Donc, effectivement, comme te dit si bien Képi, mieux vaut t'abstenir de l'employer, ce ser plus prudent.

Bisous,

Gévy


----------



## Miguelillo 87

Comme G{evy a dit, aussi au Mexique, le verbe Joder c'est plus employé, sans avoir un connotation negatif, mais Les mexicans n'utilisons pas le verbe Follar (malgré pn sait qui signifie) nous utilisons le verbe COGER, qu'en Espagne, Ce n'est pas vulgar.


----------



## tom29

Au Pérou aussi ils utilisent "coger", je n'ai jamais entendu "follar" dans ce pays, et "joder" pas tant que ça.


----------



## képi

Coger n'est pas vulgar en Cuba.


----------



## mbedrinana

Au Pérou, ne s'utilise pas le mot "coger" pour dire "baiser", on utilise le mot "cachar" ou "tirar". en plus, "tirar" c'est plus utilisé dans les autres pays de l'Amerique du Sud...p.e: l'Equateur, la Bolivie et la Colombie. a propos, "coger" est trés utilisé en Argentine.


----------



## tom29

Bonsoir

Je l'ai pourtant entendu à de nombreuses reprises, au Pérou et de la bouche de Péruviens ! Peut être que cela dépend des regions ?


----------



## sexyfromargentina

Hola a todos. Como dice mbedrinana más arriba, en Argentina utilizamos la palabra "coger" para referirnos a "follar" o a "baiser". "Follar" sólo se utiliza en España en tanto que "coger" para ellos significa el acto de "tomar" algo. Es por eso que cuando un español ha sido "cogido por un toro" para los argentinos suena algo extraño.... El equivalente del uso de "coger" en España es para los argentinos el verbo "agarrar" o "tomar" (menos utilizado). Por ej: Agarrar a tu novia de la mano = Tomarla de la mano = Cogerla de la mano (Esp) (Esta última sí que suena mal en "argentino"!!!)

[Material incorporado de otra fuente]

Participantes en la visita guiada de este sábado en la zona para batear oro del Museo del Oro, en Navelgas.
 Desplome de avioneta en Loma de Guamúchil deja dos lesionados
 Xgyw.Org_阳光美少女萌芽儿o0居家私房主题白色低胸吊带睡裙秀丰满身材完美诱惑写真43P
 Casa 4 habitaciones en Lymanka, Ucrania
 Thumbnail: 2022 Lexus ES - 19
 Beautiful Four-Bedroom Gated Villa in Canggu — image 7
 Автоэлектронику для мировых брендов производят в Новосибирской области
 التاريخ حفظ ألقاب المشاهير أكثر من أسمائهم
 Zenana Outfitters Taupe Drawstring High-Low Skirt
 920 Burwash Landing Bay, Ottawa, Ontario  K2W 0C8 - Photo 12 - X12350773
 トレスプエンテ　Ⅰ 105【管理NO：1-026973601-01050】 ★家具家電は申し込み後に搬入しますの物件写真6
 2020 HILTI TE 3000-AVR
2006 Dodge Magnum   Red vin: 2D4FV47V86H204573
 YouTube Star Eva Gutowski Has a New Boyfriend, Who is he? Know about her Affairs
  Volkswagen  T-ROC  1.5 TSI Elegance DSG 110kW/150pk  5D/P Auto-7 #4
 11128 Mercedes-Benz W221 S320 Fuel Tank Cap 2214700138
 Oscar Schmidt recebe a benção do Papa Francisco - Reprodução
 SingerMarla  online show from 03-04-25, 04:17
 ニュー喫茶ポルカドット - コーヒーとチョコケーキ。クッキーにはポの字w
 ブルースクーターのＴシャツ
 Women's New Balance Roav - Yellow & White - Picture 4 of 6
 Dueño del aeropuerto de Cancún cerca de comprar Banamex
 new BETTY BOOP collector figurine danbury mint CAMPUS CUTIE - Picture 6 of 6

"Joder" en Argentina significa molestar a alguien. 
¡¡¡No me jodas más!!! = ¡¡¡No me molestes más!!! 
Una persona "jodida" es alguien de carácter complicado... Un asunto "jodido" es algo de difícil resolución. Y también decimos "Ando jodido" si tengo una preocupación o si estoy enfermo. 
Otro uso es de sorpresa o descreimiento, por ej.: 

- ¡Carlos me gané la lotería! 
- ¡Me estás jodiendo! (No te creo, no es posible)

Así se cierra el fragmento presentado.